The XF1's 3.0-inch LCD is sharp and bright, offering more resolution than you're going to find in a typical camera. Fujifilm included 11 brightness settings and a sunlight mode to help combat some of the glare issues with the screen.
In addition, Fujifilm included a pop-up flash unit with this camera, which gives the flash a better angle to the scene than a built-in flash would have. However, my tests found that the built-in flash was a bit weak over a distance.
The camera's overall operational speed -- outside of the start-up process -- is outstanding. The shutter lag is not noticeable, regardless of shooting conditions, and shot-to-shot delays are minimal.

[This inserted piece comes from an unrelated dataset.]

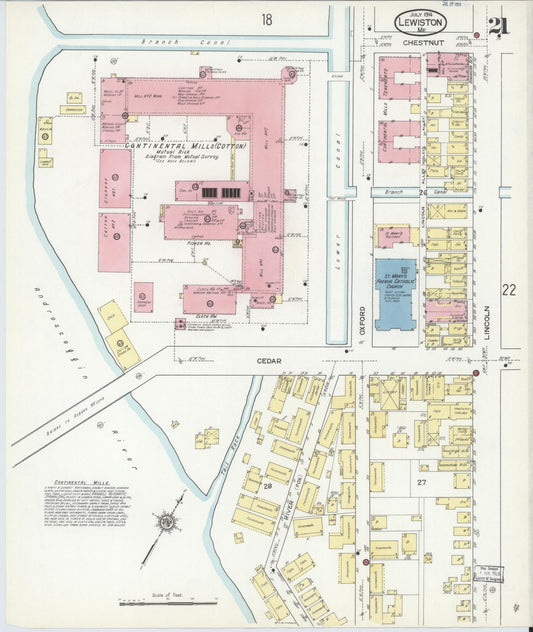 Sanborn Fire Insurance Map from Lewiston, Androscoggin County, Maine (1914), Sheet #0021 - Historic Sanborn Fire Insurance Map Print, vintage old map wall art, antique decor, genealogy gift, Maine Maine map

The XF1's numerous burst modes work very well and fast.
You'll find a fast autofocus mechanism with the XF1, too, and it's very accurate. Fujifilm does allow you to set the camera to a manual focus configuration, but you must use a command dial on the back of the camera to adjust the focus manually, rather than using a focus ring on the lens like most cameras use. Although this feature works well, it feels like more hassle than it's worth, especially when the autofocus is as accurate and fast as it is. You'll likely rarely use the manual focus feature with the XF1.
The movie function with the XF1 is pretty good, as you can shoot at full HD resolution at 30 frames per second or at smaller resolutions at much higher fps settings. One downside to having the small manual zoom lens with the XF1 is that you'll likely jostle the camera quite a bit when trying to zoom while shooting a movie. You'll probably want to use a tripod with this camera when shooting movies. You'll find an HDMI slot with this camera, which is great for transferring movies.
Fujifilm did include a separate battery charger with this camera, which is nice. Fujifilm estimates about 300 shots per full battery charge, but it's doubtful you'll reach that number, especially if you turn the camera on and off quite a few times. I also found myself having to increase the LCD brightness level to combat glare on the LCD screen from sunlight, so that will drain the battery more quickly. This number is a bit low for a camera in this price range, so we recommend you pick up a spare pack if the budget allows.
Bottom Line - It's difficult to give a universal recommendation on the Fujifilm XF1. This camera has enough quirks that it's going to be a disappointment to some photographers, while others will appreciate the interesting synthetic leather finish, retro look, and quirky start-up procedure. With all of the eye-catching aspects of the XF1, it could be easy to overlook the most important aspect of the camera, the image quality. The XF1 creates some great photos, with good color and sharpness. It also has some very fast response times, with no significant shutter lag and with minimal shot-to-shot delays. The XF1 has a sharp LCD, and the on-screen menus can give you quite a few interesting control options. Those are all things you'd expect to find in a camera that costs around $500. However, the odd way this camera starts up, its small zoom lens, a relatively weak flash, and lots of noise at high ISO settings are drawbacks for this model. If you really appreciate the retro look of the XF1 with its synthetic leather finish and thin size, and if you think the odd power on mechanism sounds fun to use, this camera's image quality and performance levels are strong enough that this camera will be great for you. However, if those features don't really catch your eye, at this price point, you'd probably be better served with a starter-level interchangeable lens camera, giving you more flexibility.